> The task:
With the images removed, return every line below exactly as it reads.

> Dataset excerpt:

- Opening Delimiter -

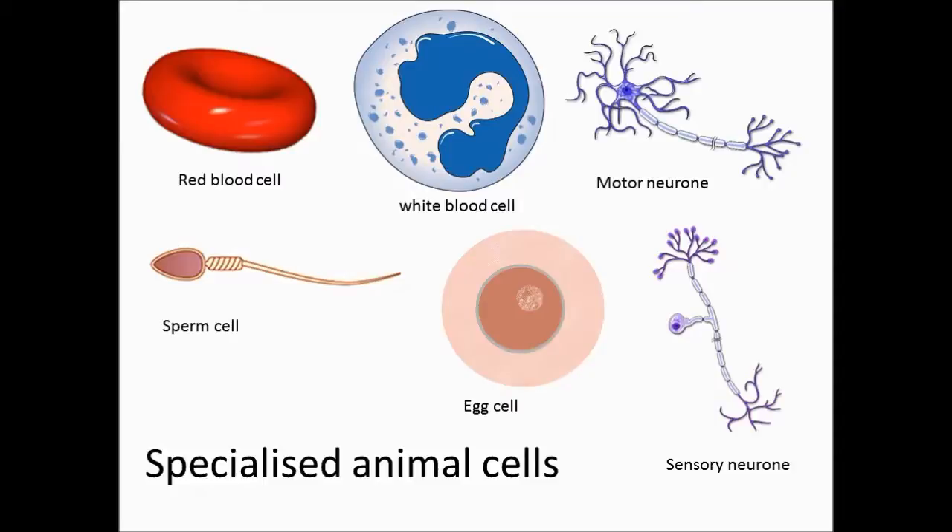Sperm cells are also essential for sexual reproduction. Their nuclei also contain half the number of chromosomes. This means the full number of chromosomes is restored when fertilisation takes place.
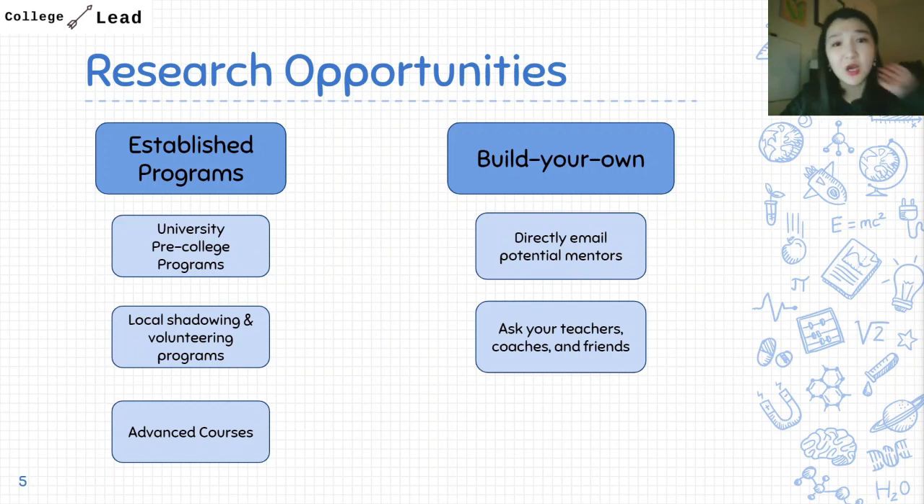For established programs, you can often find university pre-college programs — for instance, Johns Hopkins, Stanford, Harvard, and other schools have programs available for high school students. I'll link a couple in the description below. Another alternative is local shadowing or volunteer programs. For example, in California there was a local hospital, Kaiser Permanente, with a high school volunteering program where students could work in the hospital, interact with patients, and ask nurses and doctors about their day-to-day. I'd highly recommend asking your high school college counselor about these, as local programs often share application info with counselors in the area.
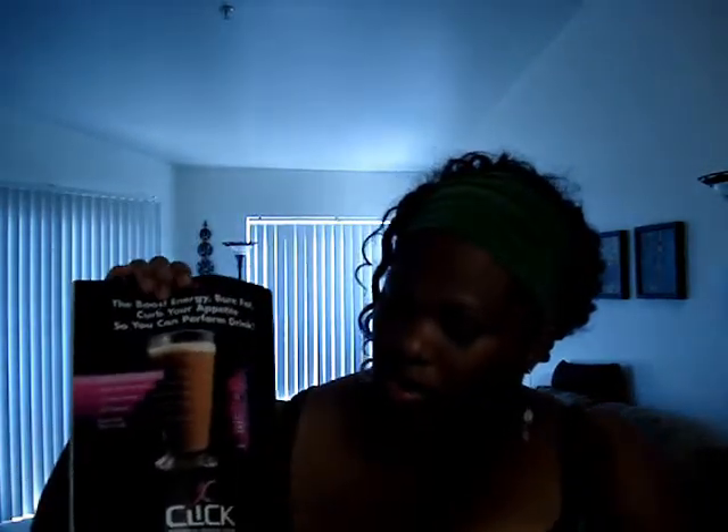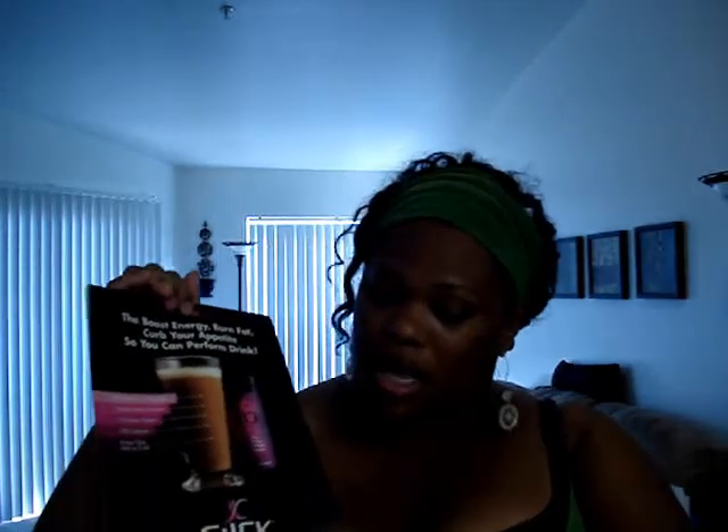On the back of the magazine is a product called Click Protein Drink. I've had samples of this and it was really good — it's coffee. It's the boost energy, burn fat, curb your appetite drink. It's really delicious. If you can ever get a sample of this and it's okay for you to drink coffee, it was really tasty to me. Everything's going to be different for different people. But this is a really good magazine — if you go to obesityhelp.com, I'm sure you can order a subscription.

- Closing Delimiter -

> Your response:
Sperm cells are also essential for sexual reproduction. Their nuclei also contain half the number of chromosomes. This means the full number of chromosomes is restored when fertilisation takes place.
For established programs, you can often find university pre-college programs — for instance, Johns Hopkins, Stanford, Harvard, and other schools have programs available for high school students. I'll link a couple in the description below. Another alternative is local shadowing or volunteer programs. For example, in California there was a local hospital, Kaiser Permanente, with a high school volunteering program where students could work in the hospital, interact with patients, and ask nurses and doctors about their day-to-day. I'd highly recommend asking your high school college counselor about these, as local programs often share application info with counselors in the area.
On the back of the magazine is a product called Click Protein Drink. I've had samples of this and it was really good — it's coffee. It's the boost energy, burn fat, curb your appetite drink. It's really delicious. If you can ever get a sample of this and it's okay for you to drink coffee, it was really tasty to me. Everything's going to be different for different people. But this is a really good magazine — if you go to obesityhelp.com, I'm sure you can order a subscription.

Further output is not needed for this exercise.